PICICA: "[...]a gentrificação como fenômeno social impulsionado pela
expropriação do solo urbano expande seu raio de ação para os espaços
populares de entretenimento, empurrando os “desabrigados” para o campo
virtual da televisão. O calor humano e a vibração seguem para o
vestiário. No lugar deles entra o consumo."
IMPRENSA ESPORTIVA
A gentrificação no futebol
Por João Batista de Abreu em 31/12/2013 na edição 779
Este texto é uma condensação de artigo do livro Políticas públicas e pluralidade na comunicação e na cultura, com previsão de lançamento em março de 2014 pela editora E-papers
O futebol brasileiro vive hoje um processo semelhante ao que os
urbanistas e geógrafos chamam de gentrificação, ou seja, o processo de
se apropriar de áreas degradadas de uma metrópole, expulsar os pobres,
reurbanizar e depois revendê-las às camadas médias ou à elite, com
investimentos públicos em infraestrutura.

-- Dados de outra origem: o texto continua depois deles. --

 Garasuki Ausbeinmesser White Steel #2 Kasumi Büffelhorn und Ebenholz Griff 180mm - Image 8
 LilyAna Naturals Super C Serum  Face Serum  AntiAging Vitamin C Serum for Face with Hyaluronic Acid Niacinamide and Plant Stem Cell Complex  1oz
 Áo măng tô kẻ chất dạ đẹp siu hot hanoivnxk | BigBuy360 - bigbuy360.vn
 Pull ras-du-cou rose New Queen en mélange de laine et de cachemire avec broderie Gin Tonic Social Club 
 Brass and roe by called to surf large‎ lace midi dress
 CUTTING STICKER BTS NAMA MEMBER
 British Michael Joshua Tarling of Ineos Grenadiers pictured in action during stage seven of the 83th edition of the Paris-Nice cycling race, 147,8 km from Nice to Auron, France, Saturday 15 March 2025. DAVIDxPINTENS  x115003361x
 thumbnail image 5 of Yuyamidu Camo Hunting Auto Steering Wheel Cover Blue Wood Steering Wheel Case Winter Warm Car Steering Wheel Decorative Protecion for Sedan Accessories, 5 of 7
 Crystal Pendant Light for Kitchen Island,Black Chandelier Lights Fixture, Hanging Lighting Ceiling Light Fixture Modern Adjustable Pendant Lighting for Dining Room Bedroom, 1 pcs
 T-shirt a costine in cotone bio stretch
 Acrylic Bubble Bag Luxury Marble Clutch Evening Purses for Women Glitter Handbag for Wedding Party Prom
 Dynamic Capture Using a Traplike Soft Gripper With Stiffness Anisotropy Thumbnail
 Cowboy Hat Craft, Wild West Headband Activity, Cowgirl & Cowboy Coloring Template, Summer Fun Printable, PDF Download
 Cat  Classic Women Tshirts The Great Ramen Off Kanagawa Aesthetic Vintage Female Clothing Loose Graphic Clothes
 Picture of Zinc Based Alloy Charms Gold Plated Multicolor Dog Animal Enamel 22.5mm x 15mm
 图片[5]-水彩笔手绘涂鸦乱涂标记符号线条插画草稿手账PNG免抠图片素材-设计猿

Basta olhar o que acontece com os estádios de futebol. Quarenta anos atrás, o Brasil orgulhava-se de possuir os maiores estádios do mundo. Tivemos jogos com quase 200 mil pessoas, como Brasil e Uruguai, na final da Copa do Mundo de 1950; Brasil 1x0 Paraguai em 1969, pelas eliminatórias da Copa do ano seguinte; e Flamengo 0x0 Fluminense, em 1963, na decisão do Campeonato Carioca. Todos no Maracanã, onde oficialmente cabiam 150 mil pessoas entre arquibancada, geral e cadeiras.
O que vimos nos últimos dez anos começou na Europa e atravessou o Atlântico. A maioria dos estádios encolheu para satisfazer as exigências de um modelo que privilegia pequenas camadas sociais em condições de pagar caro pelo ingresso e assistir passivamente a um espetáculo. As áreas populares, como a geral, deram lugar a camarotes e a espaços vip. O preço dos ingressos saltou mais de 300% em dez anos, para uma inflação que nem chegou a 50%. Aquele torcedor da geral, rádio de pilha colado ao ouvido – eternizado pela teleobjetiva do cinejornal Canal 100 – ficou no passado. O que os administradores privados desejam é o torcedor comportado, que não carrega bandeiras, só se levanta na hora de gritar gol e aceita pagar taxas caras para usar o estacionamento do estádio em cidades onde o transporte público está abaixo da crítica.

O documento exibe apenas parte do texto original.